## Directions
Copy out the full data exactly as given; pictures should not be included.

## Material provided
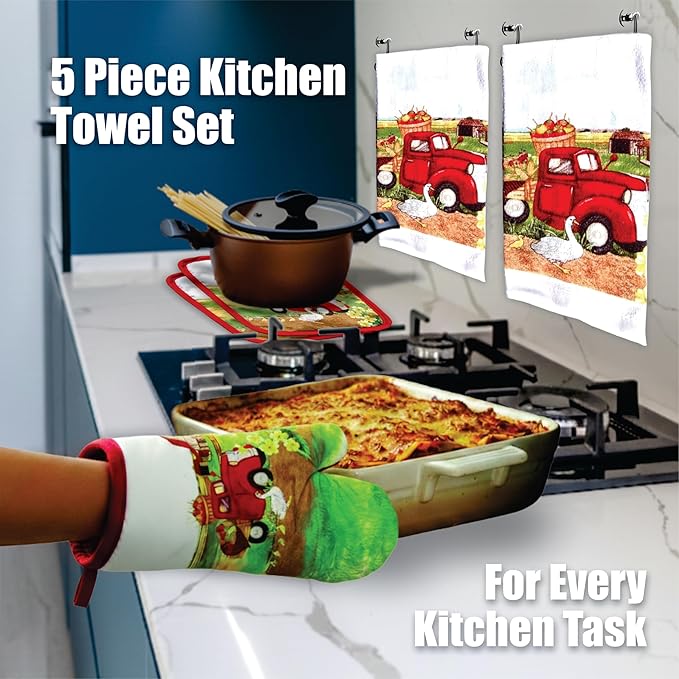 Lobyn Value Packs: 5 Piece Kitchen Towel Set with Vintage Red Truck Design, 2 Decorative Dish Towels (25 X15), 1 Oven Mitt (11 X 7) and 2 Potholders (6.5 X 6.5) for Countryside Elegance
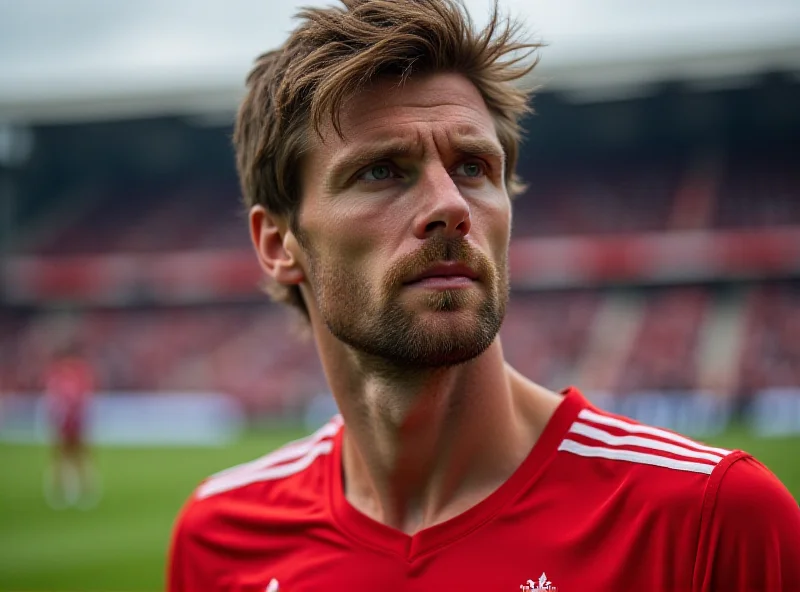 Thomas Müller in FC Bayern jersey, looking thoughtful.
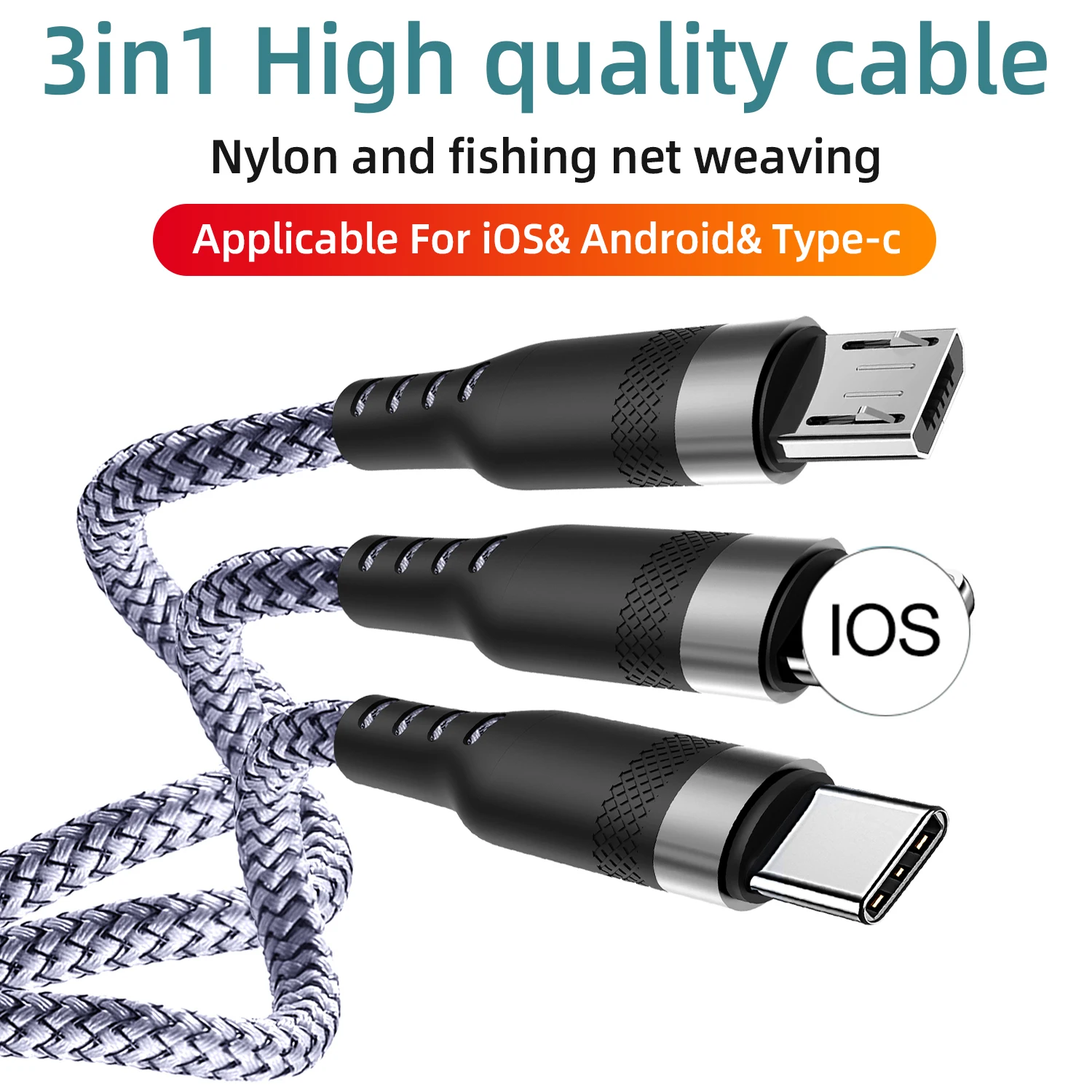 

Super Fast 3 in 1Charging Cable for IOS Micro USB Type C Charger Cable Wire for iPhone 13 12 11 Android Samsung 5A Data Cable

## Result below
 Lobyn Value Packs: 5 Piece Kitchen Towel Set with Vintage Red Truck Design, 2 Decorative Dish Towels (25 X15), 1 Oven Mitt (11 X 7) and 2 Potholders (6.5 X 6.5) for Countryside Elegance
 Thomas Müller in FC Bayern jersey, looking thoughtful.

Super Fast 3 in 1Charging Cable for IOS Micro USB Type C Charger Cable Wire for iPhone 13 12 11 Android Samsung 5A Data Cable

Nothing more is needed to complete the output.